I don’t know when, if ever, I’ll have the answers. Such a confession is not avoidance of issues at hand, merely recognition that while some answers I’ll formulate and achieve, others will serendipitously create themselves. And…
So while I grapple with swirling facets, I am endeavoring to design and publish (here) a map of sorts that records how I spend each waking hour. Through conception (January 23rd), planning (ongoing), and execution (for one year or the remainder of 2008), this project is one I see as a tool for exploring my patterns of self.
Where is time spent? Where is it invested? What is the difference? What do I consider of import? How do the facets of my life divide? Or interweave? Am I comfortable in my modus operandi? Or actively seeking to develop my knowledge and skill set? To enrich my professional life? My personal life? The lives of others? Are my present pursuits aligned with the life I dream of living?

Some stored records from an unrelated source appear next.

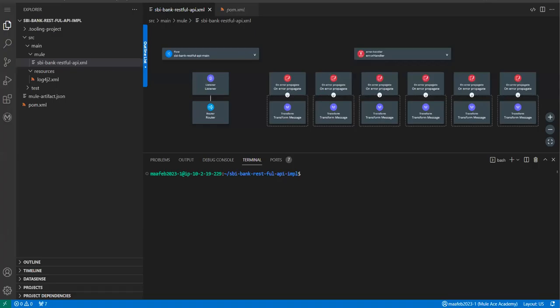Hello friends, welcome back to Mule's Academy. In this session we are going to deploy an application to Anypoint Platform CloudHub. One restriction right now we have with Anypoint Code Builder is we can deploy only to CloudHub 1.0.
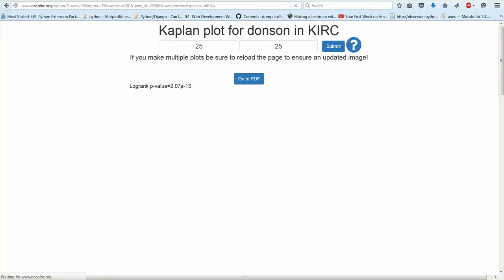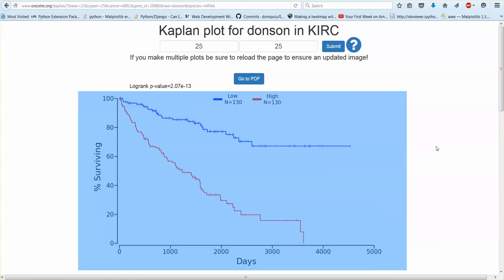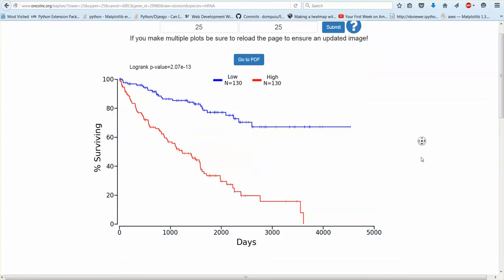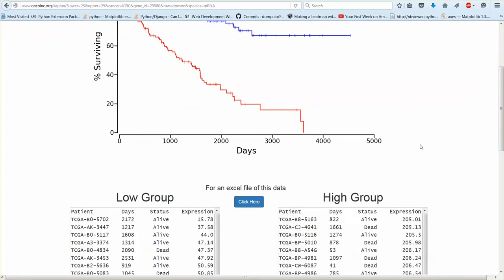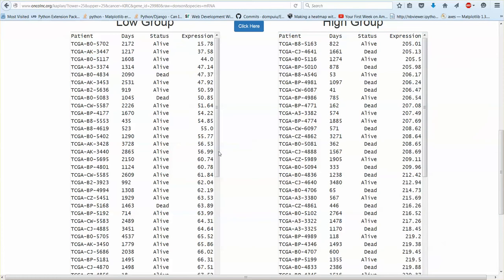You'll get a log rank p-value which is calculated very quickly. Sometimes the Kaplan plot will take some time to generate. And then below the Kaplan plot you'll get the data that was plotted.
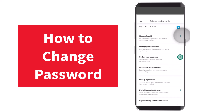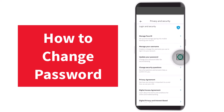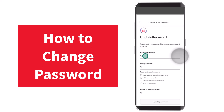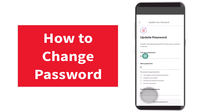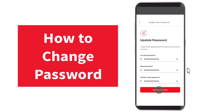Now tap on the third option below 'Login and Security', which is 'Update your password'. First, you have to enter your current password, and once you've done that, enter the new password for your Scotiabank account. Then you'll have to confirm it by typing it again in the box below.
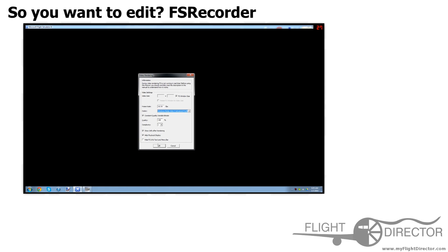Hide FS Info Text and Menu Bar. That would hide the Alt bar up top. I personally don't see the need to remove that, so I just leave that there.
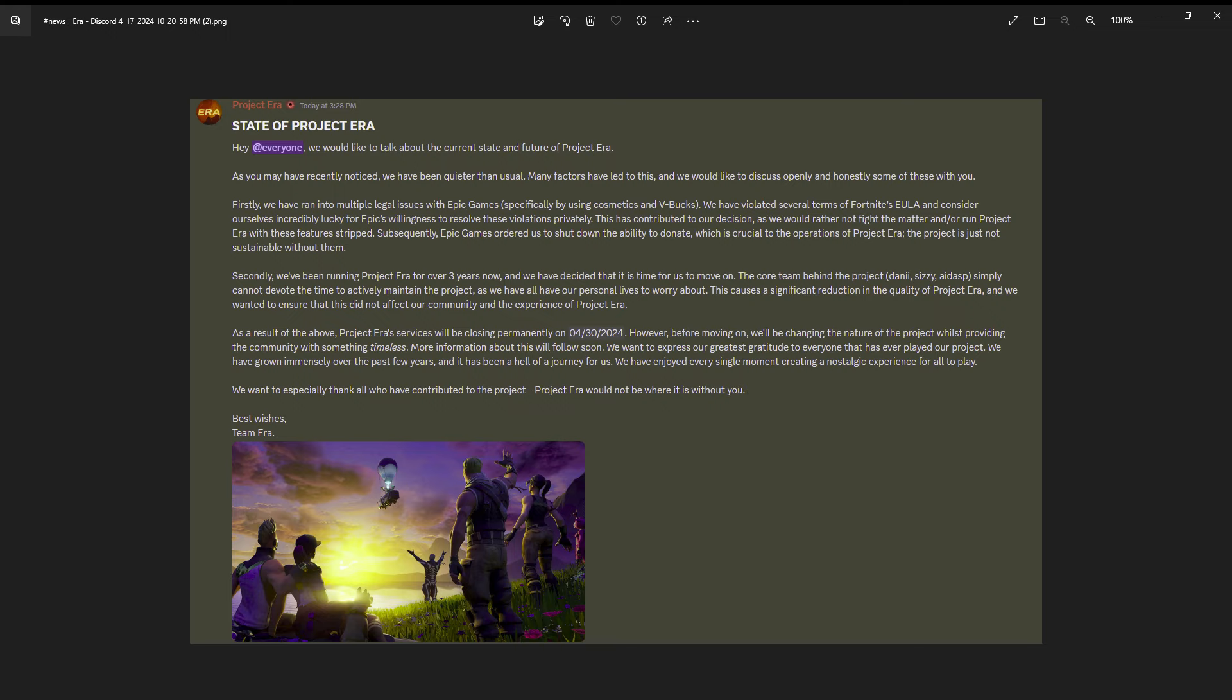There's over 700,000 people in the discord server for Era. I mean that's almost a million people, and obviously not all those people play still, that's just who's in the discord server.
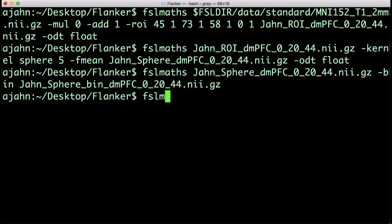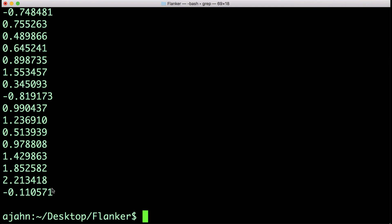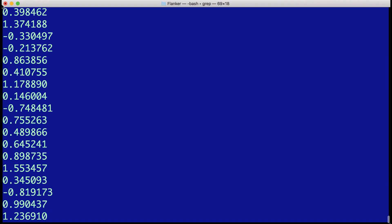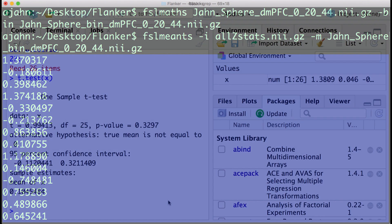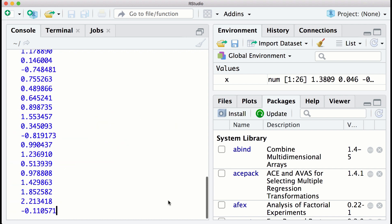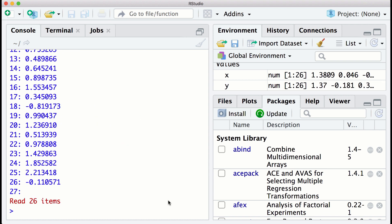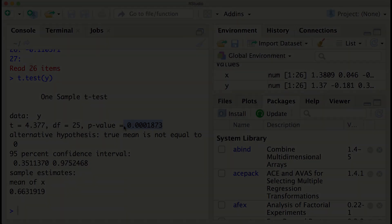Lastly, we will extract data from this ROI by typing the following command. You can then copy and paste these numbers into R and run a one-sample t-test. Because this ROI is more localized, we have more power to detect the cognitive control effect. And with that, you have completed the fMRI short course.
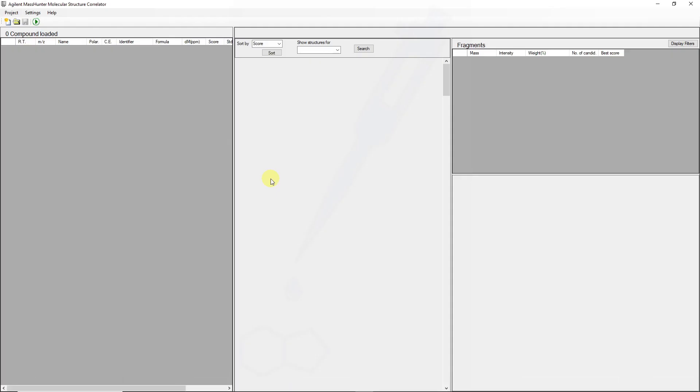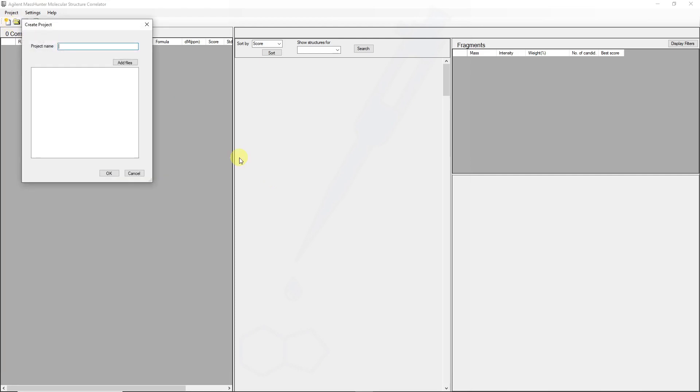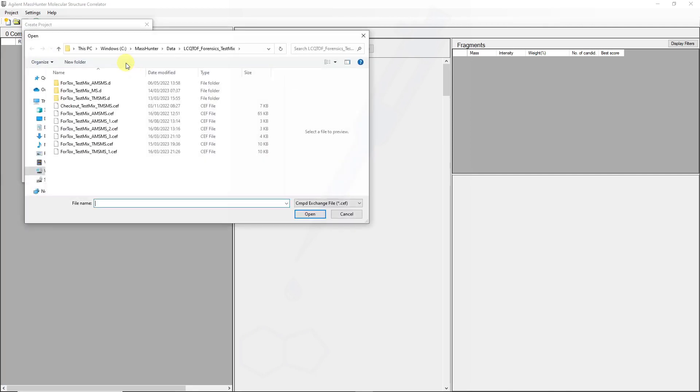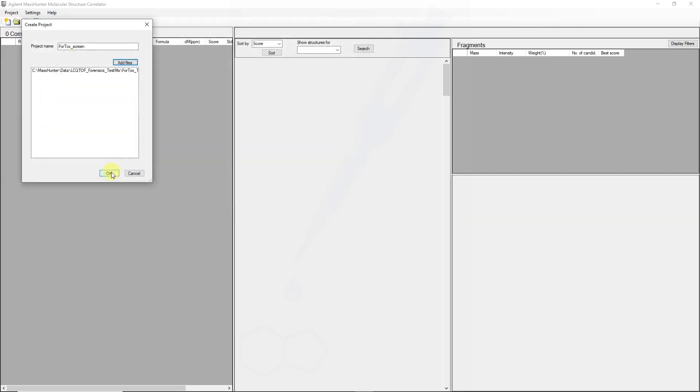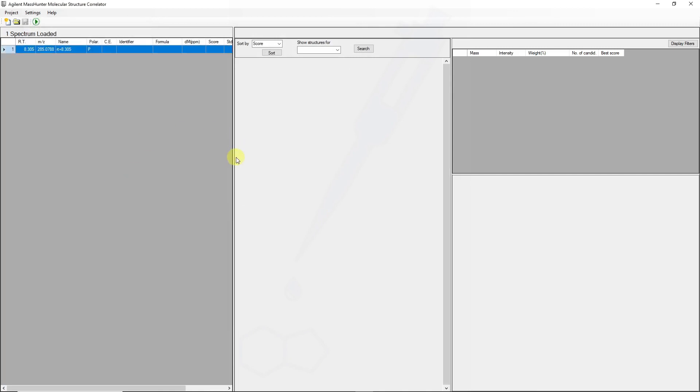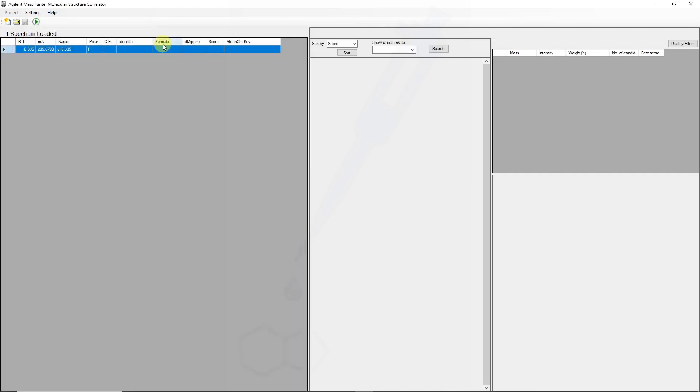We will now create a project in molecular structure correlator. We will now add that file. And once we've added a file, some of the information should be populated in a table. We can now select different methods for searching and different databases for searching. For now, I'm just going to screen my Forensics Toxicology PCDL, and then we can go to ChemSpider or other web-based searches.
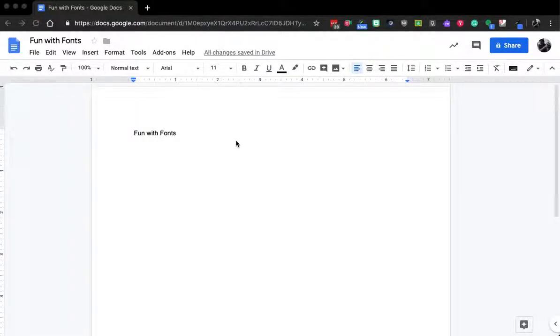Hello. In this video today, I want to show you how you can add fonts to your G Suite products.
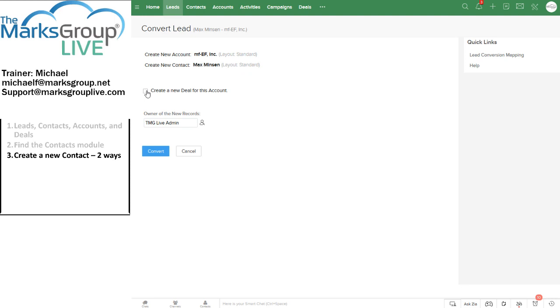I won't get into the details of creating a new deal at this time. We do, of course, have a class on setting up and working deals, which in some ways is the icing on the cake. That's the goal. That's the end game here. Now when I do convert a lead, it is helpful for me to set an owner of that contact.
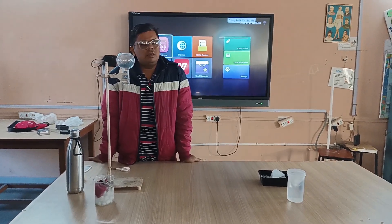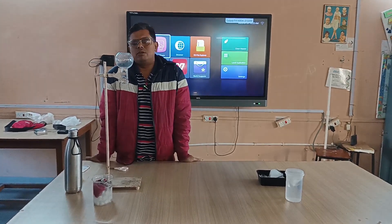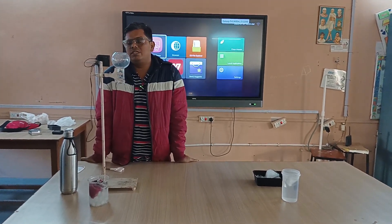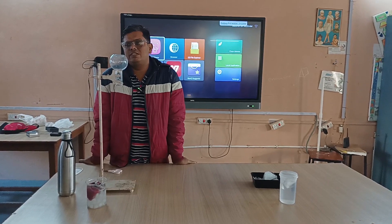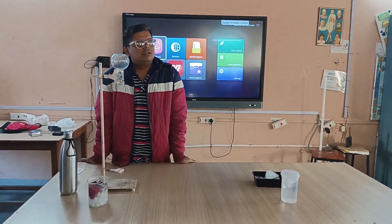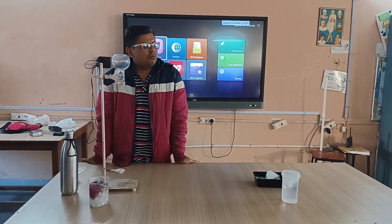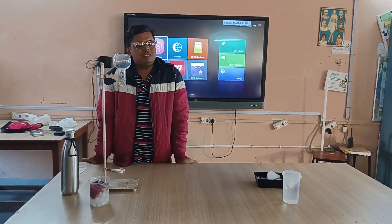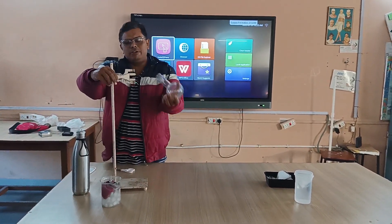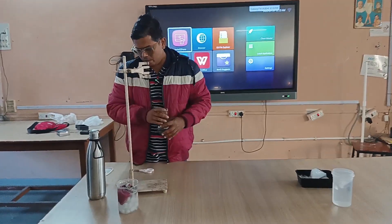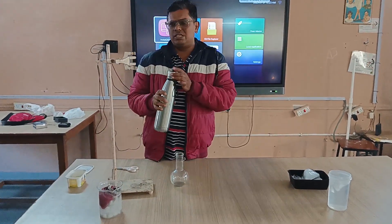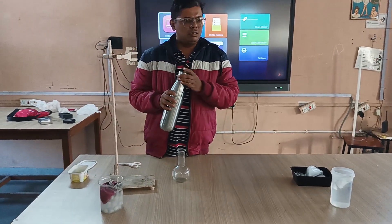Generally for water, it boils at 100 degrees Celsius because at 100 degrees Celsius the water vapor pressure and the atmospheric pressure become the same. So for that I take here one round bottom flask, and in that I add some water, and that water is somewhat hot.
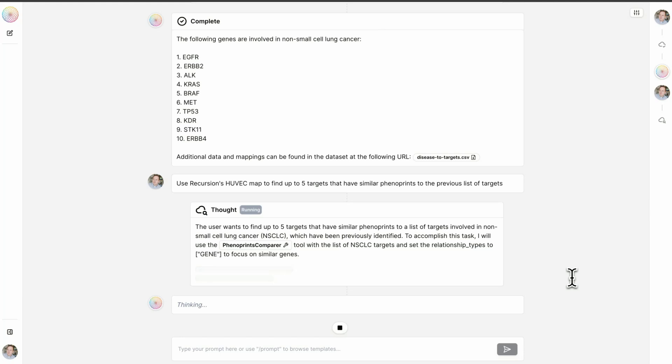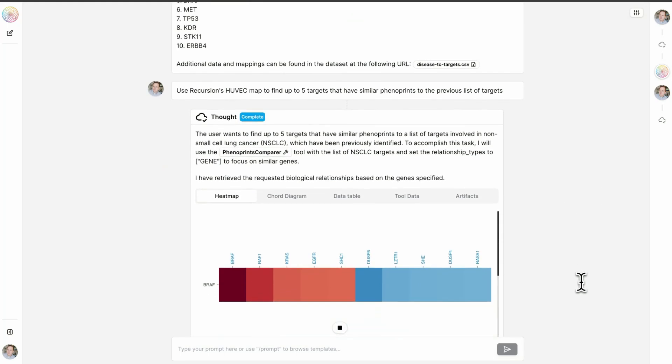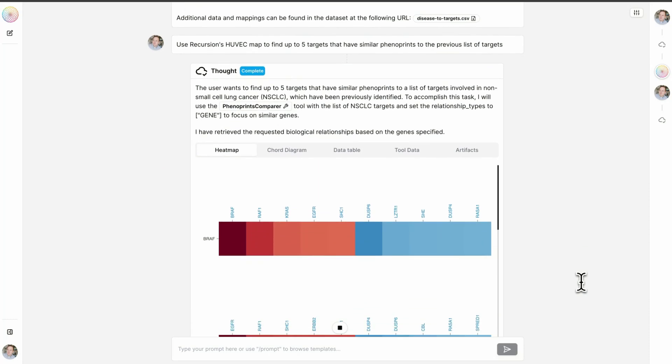We are querying trillions of relationships that we have predicted from hundreds of millions of real OMIC experiments conducted at Recursion.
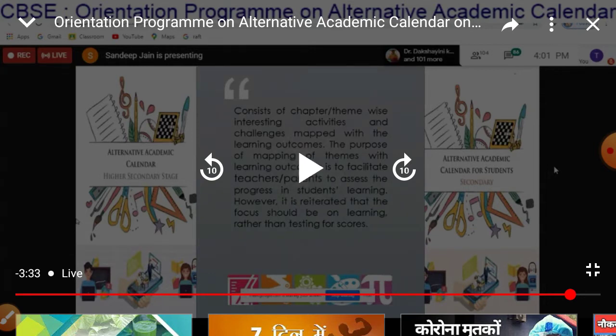The calendars also include materials for the senior academics, higher secondary stages, and secondary stages, in which they have described the different activities which all teachers, even parents and children, can follow to learn and align with the curriculum activities and learning outcomes.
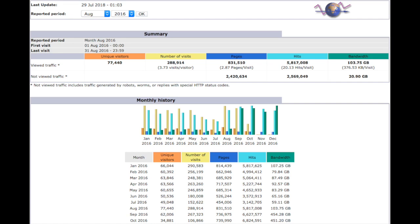For this example, I'm going to look at the traffic during peak registration for the fall 2016 semester. So here we see that in August we had 77,440 unique visitors to the main website.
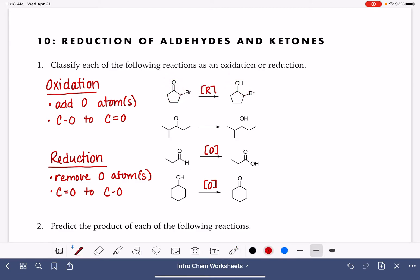We abbreviate reduction with a capital R in square brackets. The reaction underneath it is the exact same thing — we have a carbon-oxygen double bond that's being turned into a single bond.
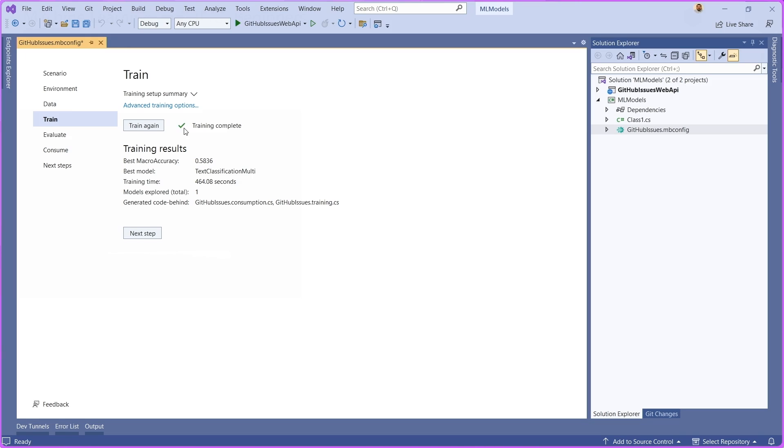At the end of the day, it's going to end up with a custom machine learning model that is tuned for my particular dataset. In this case, it was that GitHub issues dataset.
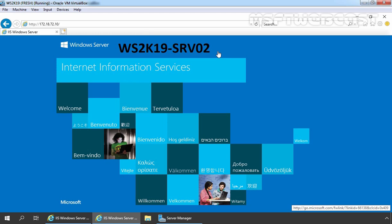After seeing this, we can confirm we have successfully installed and configured the Network Load Balancing feature on Windows Server 2019. That's it for this video demonstration. Thank you all for watching.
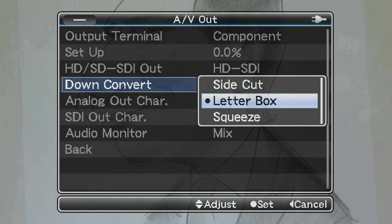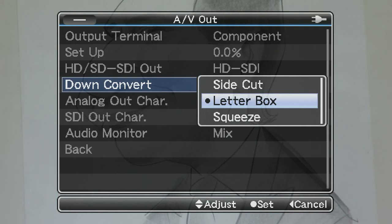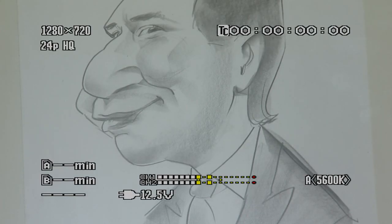Squeeze will output a full-screen anamorphic image. Side Cut will reduce the image to 4x3 by eliminating the content on either side of the picture. Select the desired option and exit the menu.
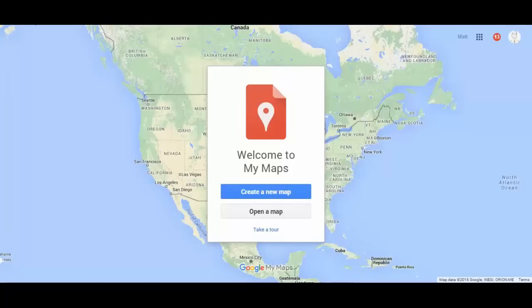Hi, this is Matt Miller from Ditch That Textbook and today I wanted to give you a quick walkthrough of My Maps. My Maps is a Google app available with all the other Google apps you're familiar with — Docs, Slides, Sheets, and so on. You can get to it by clicking the red New button in Google Drive, then More, and selecting My Maps, or just go to google.com/mymaps. Either way takes you to this screen, and we're going to create a new map.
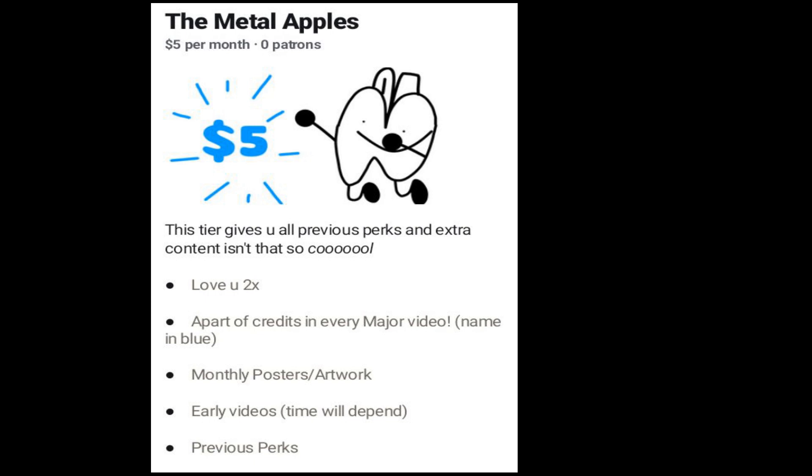The metal apples! You guys are mad lads if you buy this. Your name will also be at the end of every major video, but your name will be blue. Isn't that good?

In a manner similar to Flickr’s 365 Days and Viddler’s MeToday, it is an exercise in self-portraiture. Yet the method is different. This map of sorts is a filmstrip series wherein each individual frame is a graphic representation of a use of time, a facet of my life. A single strip captures a single day, from waking to bedding.
The map below is of January 23-25, the first three days of this project. I realize there is not yet a key to assist interpretation. Please bear with me; it is coming.
No doubt various design issues will arise. Some, such as the categories I use to classify time spent and the basic unit of time (one hour, divisible into quarters), have already been addressed. Others, such as the level of detail illustrated, will be ongoing. And there be some that are yet unforeseen. I may, from time to time, seek input (primarily through Twitter) on how to tackle these issues.
If compelled to do so, please feel free to offer comment and critique. This map, like myself, is to be seen as a work in progress.